I’m not going to talk about my job today. That’s good news! It’s just like any other day. Except that it’s not. (I think Colin made a remark like this once.) Mum packed me a lunchbox again. No day is a good day without mum’s recipe. I was away, by definition, for almost 10 years. 10 years. I know well enough what it’s like to miss the moments. You just can’t explain that sort of emptiness. I’m just glad to be home. (Yeah, I think someone called me mama’s boy about a year or two ago. Whatever.)
The best strategy game award goes to the Total Annihilation. No, no, I’m not talking about the one with paladins and horses. That’s TA Kingdom. The one I meant has robots, vehicles, commanders, spy planes, bombers, cannons, all constantly at war in a never-ending fight called ‘the intergalactic battle’. It offers the best game-play a strategy game could ever have. I could think of a few reasons why it is extraordinary:
1)
The game is so damn realistic. You need energy and metal to build things. Unlike minerals, ore, or gas in some other games, energy in this game can be retrieved from solar collectors, wind generators, tidal generators, trees, nuclear reactors, and so on. Sources of metals are wreckages (dead robots), metal makers (which consume unbelievable amount of energy) and metal extractors built on metal deposits.

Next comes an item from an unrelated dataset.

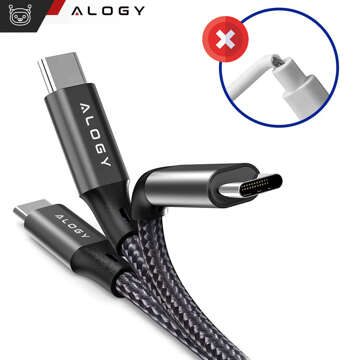 Kabel USB-C typu C silný rychlý 60W PD 1M pro iPhone 15/Pro/Max nylonový kabel Alogy Black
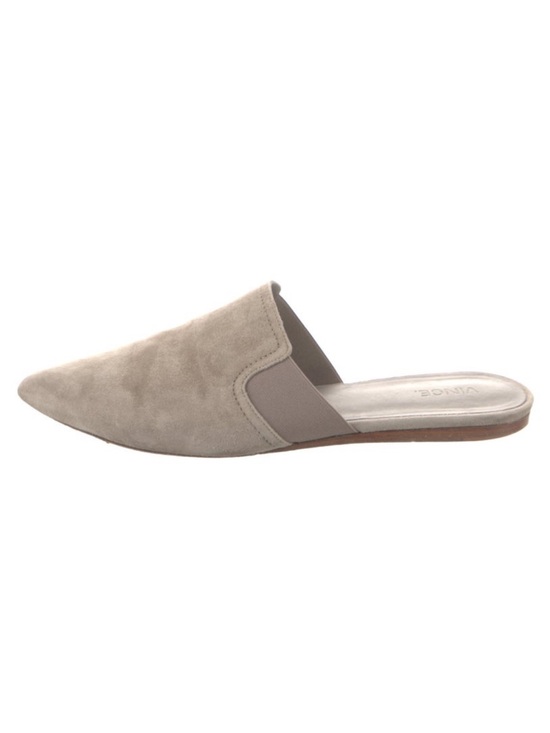 Vince Shoes - Vince Taupe Suede Pointed Slip-On Mule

2) Simple error made by other strategy games is that the gamer is not directly involved in the battle scenes. Who are you in the game?
In Total Annihilation, you are a commander on the battlefield. You become a single unit carrying an energy tank at the back. This unit cannot be produced again, which means if you lose the commander, you could potentially lose the battle.
3) Not only you can build a variety of units, you get to pick your battlegrounds! Depending upon the map structure,
you can battle on the ground, air, or water by either building a swarm of attack vehicles and robots, assault airplanes and bombers, or battle ships and submarines respectively.
4)
Each unit has its specific AI programmed into it thus you could see a tank swerving left before attacking right and robots snooping in between trees to hide from the enemy. These are all built in you don’t have to tell the robots to move that way.
5)
Again, it’s so damn realistic, huge explosions like a nuclear reactor blowing up could stagger the map up and down. You can assign units to do one task after another and it’ll follow your instructions until the list is completed. You can group together unlimited units and also regroup units of the same model as an attacking team.
6) Try it out yourself! Then you’ll discover more. =)
The only downside of this game is its proportionality. Some of the robots can be quite huge compared to a stationary unit i.e. the solar collector. A long-range cannon for instance is supposed to be twice the size of an artillery vehicle but both of those are almost quite the same in size. I don’t know. Maybe it’s just me.
Superb battle play will keep you glued to the screen...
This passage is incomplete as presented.